* WHAT YOU ARE ASKED TO DO
Where the string "Unisex" shows up in a line of the records, copy that line.

* Dataset entries
============
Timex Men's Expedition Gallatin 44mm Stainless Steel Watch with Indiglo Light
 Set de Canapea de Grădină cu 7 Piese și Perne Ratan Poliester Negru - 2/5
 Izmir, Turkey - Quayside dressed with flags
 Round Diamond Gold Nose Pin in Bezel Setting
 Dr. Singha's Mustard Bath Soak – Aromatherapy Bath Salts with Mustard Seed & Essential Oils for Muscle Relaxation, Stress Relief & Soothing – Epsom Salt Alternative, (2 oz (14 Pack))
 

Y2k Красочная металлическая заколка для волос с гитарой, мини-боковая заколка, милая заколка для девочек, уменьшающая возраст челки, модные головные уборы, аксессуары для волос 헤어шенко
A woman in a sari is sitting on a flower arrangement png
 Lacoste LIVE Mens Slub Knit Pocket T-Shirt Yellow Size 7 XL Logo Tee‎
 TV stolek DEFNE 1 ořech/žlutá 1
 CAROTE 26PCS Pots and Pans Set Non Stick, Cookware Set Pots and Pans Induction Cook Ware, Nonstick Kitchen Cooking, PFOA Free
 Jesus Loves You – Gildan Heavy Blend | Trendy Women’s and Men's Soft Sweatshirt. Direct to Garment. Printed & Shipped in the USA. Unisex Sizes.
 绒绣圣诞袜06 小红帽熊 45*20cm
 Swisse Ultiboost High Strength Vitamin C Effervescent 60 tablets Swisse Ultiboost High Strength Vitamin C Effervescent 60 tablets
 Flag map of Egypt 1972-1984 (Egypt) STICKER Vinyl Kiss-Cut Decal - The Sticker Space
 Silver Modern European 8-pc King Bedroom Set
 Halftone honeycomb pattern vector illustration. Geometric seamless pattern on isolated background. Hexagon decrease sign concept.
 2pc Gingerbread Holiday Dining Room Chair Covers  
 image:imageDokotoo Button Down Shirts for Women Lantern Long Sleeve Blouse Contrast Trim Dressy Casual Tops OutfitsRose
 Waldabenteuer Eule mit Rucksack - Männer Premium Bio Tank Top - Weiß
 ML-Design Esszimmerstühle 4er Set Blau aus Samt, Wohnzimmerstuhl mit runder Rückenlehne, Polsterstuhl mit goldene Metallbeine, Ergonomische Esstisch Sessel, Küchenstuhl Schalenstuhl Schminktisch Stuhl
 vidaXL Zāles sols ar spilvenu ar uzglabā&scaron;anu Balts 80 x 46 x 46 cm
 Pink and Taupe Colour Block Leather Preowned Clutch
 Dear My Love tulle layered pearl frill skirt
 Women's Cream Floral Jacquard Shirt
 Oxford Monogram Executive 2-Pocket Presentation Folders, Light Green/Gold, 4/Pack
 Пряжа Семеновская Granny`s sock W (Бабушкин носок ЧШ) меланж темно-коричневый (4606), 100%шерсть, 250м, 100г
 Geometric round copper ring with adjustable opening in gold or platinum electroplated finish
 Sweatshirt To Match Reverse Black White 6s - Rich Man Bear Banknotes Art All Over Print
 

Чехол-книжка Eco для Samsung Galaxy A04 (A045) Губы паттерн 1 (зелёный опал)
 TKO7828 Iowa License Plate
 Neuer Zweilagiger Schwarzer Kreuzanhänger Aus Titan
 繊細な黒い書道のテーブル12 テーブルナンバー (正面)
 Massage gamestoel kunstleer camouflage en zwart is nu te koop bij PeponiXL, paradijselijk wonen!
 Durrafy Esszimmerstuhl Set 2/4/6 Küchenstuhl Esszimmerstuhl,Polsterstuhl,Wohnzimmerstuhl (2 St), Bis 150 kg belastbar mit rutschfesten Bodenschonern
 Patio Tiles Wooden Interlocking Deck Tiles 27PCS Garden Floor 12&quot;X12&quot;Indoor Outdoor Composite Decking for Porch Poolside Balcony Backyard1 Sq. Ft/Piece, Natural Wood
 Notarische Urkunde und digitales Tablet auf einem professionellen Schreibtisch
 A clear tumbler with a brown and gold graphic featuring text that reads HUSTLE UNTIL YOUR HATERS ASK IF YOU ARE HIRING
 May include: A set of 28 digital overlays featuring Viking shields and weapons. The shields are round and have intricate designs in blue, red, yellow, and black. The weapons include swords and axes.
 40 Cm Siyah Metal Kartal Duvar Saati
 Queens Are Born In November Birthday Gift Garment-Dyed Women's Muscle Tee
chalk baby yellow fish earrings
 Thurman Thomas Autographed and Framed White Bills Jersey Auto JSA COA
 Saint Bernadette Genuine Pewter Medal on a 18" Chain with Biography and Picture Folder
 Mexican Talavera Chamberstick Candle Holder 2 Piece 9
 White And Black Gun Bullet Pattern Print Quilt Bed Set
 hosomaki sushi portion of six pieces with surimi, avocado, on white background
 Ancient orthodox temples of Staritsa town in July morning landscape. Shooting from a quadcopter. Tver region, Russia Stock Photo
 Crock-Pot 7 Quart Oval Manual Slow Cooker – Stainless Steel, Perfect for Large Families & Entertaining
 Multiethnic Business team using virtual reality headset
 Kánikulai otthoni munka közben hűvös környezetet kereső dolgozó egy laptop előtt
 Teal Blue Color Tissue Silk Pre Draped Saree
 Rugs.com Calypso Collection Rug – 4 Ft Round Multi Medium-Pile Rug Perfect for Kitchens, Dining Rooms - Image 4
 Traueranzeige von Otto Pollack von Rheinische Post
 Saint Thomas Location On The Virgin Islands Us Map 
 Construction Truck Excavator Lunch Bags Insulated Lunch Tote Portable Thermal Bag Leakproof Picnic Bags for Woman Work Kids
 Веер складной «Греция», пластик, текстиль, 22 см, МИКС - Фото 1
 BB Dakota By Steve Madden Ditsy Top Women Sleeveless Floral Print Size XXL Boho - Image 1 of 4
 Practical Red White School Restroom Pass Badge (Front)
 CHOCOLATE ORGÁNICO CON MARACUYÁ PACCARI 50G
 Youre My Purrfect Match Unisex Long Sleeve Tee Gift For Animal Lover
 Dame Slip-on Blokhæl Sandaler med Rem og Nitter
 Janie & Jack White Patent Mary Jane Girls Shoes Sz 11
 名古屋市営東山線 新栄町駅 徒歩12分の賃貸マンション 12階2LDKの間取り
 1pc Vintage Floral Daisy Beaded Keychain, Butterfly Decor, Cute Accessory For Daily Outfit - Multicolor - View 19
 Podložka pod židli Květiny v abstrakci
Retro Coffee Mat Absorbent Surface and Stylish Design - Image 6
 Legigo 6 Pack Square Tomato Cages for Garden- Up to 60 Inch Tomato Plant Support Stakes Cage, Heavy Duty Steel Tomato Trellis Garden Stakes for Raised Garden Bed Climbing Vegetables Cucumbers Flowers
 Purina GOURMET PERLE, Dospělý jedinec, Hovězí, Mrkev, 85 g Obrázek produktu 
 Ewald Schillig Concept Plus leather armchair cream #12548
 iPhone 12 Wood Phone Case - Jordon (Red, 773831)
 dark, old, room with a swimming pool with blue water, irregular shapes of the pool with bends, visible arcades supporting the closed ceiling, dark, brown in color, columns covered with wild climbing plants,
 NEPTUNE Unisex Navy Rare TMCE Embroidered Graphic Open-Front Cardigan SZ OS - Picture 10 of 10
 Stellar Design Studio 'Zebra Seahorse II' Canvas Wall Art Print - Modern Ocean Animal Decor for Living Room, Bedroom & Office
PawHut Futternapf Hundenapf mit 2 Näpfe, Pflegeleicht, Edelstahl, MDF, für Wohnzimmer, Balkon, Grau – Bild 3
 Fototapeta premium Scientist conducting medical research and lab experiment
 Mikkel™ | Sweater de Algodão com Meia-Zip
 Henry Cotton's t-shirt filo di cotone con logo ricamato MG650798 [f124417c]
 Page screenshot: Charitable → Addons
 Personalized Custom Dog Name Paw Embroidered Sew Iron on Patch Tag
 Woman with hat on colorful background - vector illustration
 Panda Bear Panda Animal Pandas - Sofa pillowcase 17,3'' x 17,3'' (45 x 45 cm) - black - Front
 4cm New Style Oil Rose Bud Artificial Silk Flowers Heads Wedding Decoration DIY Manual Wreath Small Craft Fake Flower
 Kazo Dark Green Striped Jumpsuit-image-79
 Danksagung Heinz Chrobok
============
* SOLVED PROBLEM
 Jesus Loves You – Gildan Heavy Blend | Trendy Women’s and Men's Soft Sweatshirt. Direct to Garment. Printed & Shipped in the USA. Unisex Sizes.
 Youre My Purrfect Match Unisex Long Sleeve Tee Gift For Animal Lover
 NEPTUNE Unisex Navy Rare TMCE Embroidered Graphic Open-Front Cardigan SZ OS - Picture 10 of 10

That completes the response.